May 6, 2007

TV Review: The Tudors

Posted in Television at 9:18 pm by Calico Jack

As an ardent fan of HBO’s Rome, I was excited to hear last winter that Showtime would be producing The Tudors, a miniseries about the early reign of Henry VIII. Rome was an excellent show because it depicted everything from the machinations of the Imperial Senate to the struggles that common soldiers faced after returning home from years-long sorties into foreign lands. Focusing on the political and military aspects of the crumbing Roman Republic gave it an epic scope, but Rome also showed the absolute decadence and corruption that pervaded the crumbling Roman Republic at the time Julius Caesar rose to power and proclaimed himself dictator. Its sweeping scale set the standard for what television could do, and Rome‘s meticulous attention to period detail was refreshing. Now I looked forward to enjoying a similarly-scoped story, this time set in Renaissance England. What’s not to like?

I wasn’t able to see The Tudors until Best Buy gave away a promo Showtime disc containing the first two episodes (along with Weeds and Dexter, both of which were merely okay), and I “acquired” episodes 3 & 4 through a little judicious online hunting. After watching all four hours (with six more remaining in the first season), I can safely say that Rome is in no danger of losing its perch as best period TV show of all time. The Tudors forgoes Rome’s depth and careful plotting for a slightly flashier, up-tempo style that reminds one of a marshmallow Peep: pretty on the outside, but quite a bit of fluff within.

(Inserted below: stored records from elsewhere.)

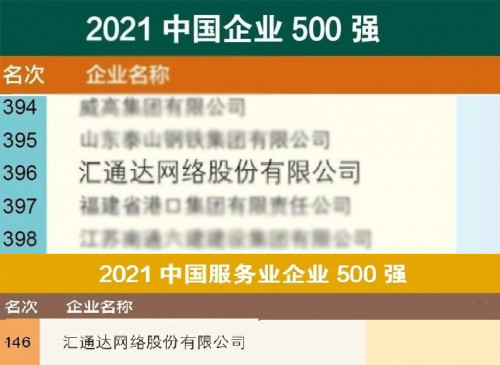 实力登榜 汇通达蝉联“中国企业500强“中国服务业企业500强”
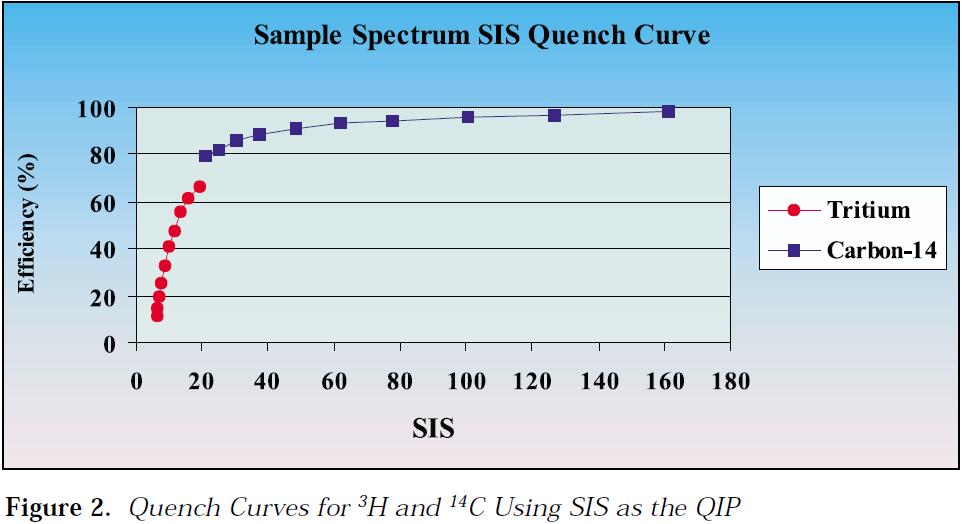 69 Quench Curves Source: Thomson, J.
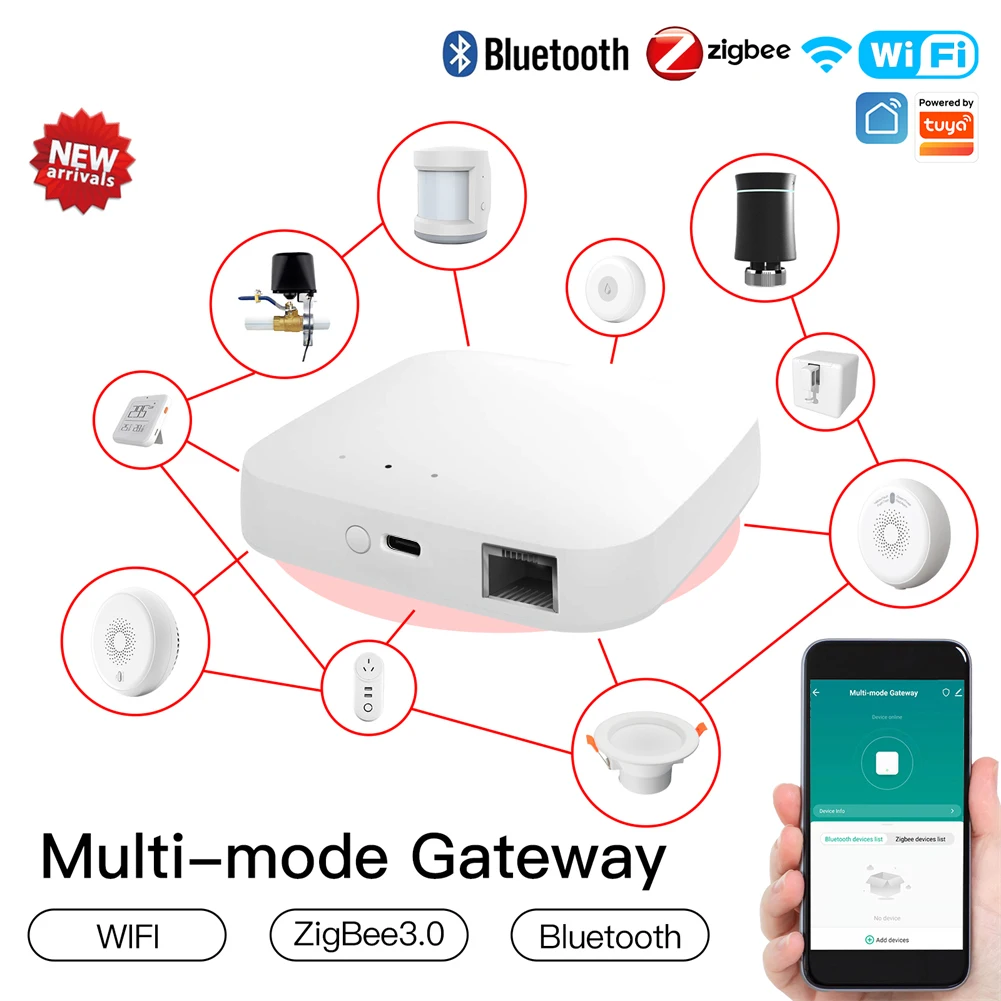 MOES Smart Home Wireless Control Hub with App Integration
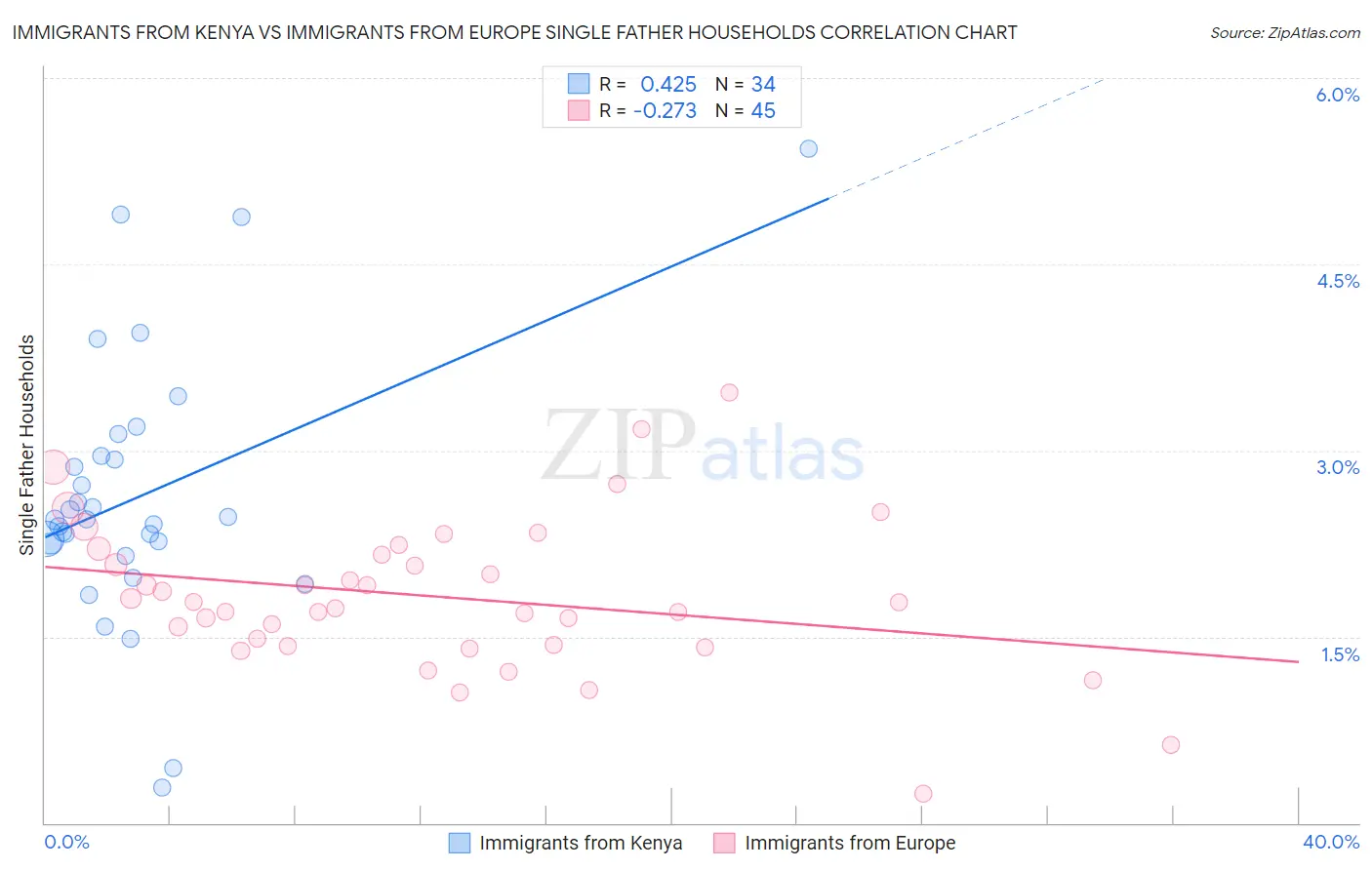 Immigrants from Kenya vs Immigrants from Europe Single Father Households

Nonetheless, it has been an entertaining four episodes so far, and once my expectations were adjusted a bit I found that I enjoyed the show as more than merely a Rome-lite. Jonathan Rhys Meyers looks nothing like the real-life Henry VIII, which should alert the unwary that historical accuracy was a distant third or fourth place in the producers’ list of objectives. But Davies captures Henry’s philandering spirit and boyish charm quite well, although one would think that as he would display a greater gravitas as king — after all, he alone decides whether England should go to war with France, no matter what his advisors (each with his own personal agenda) say. Yet his interests and expertise lie more in the bedroom than the throne room, causing great consternation amongst his long-suffering wife Catherine of Aragon (Maria Doyle Kennedy). Natalie Dormer is quite striking as the seductive Anne Boleyn, sent by her father to win over Henry’s heart and thereby influence his rash political tendencies. Most of the central figures in Henry VIII’s court are also present, from Sir Thomas More (Jeremy Northam) to corrupt cardinal Thomas Wolsey (Sam Neill). That latter bit of casting surprised me somewhat; for the first several episodes I was half-expecting him to say something like “Do you know what this is? This is a dinosaur egg. The dinosaurs are breeding.”

Although its strengths are many — special notice must be given to set design and costuming, both of which are visually stunning — The Tudors stumbles in two different areas. As mentioned, historical accuracy is not exactly the strength of the show. For many, having Mary Tudor and Margaret Tudor composited into one role will not matter in the slightest; but those who remember their English history might be rather irked at the liberties taken. The combination of Mary and Margaret is probably its most egregious error, which is a rather nitpicky thing to say, I suppose. Everything else is just window dressing.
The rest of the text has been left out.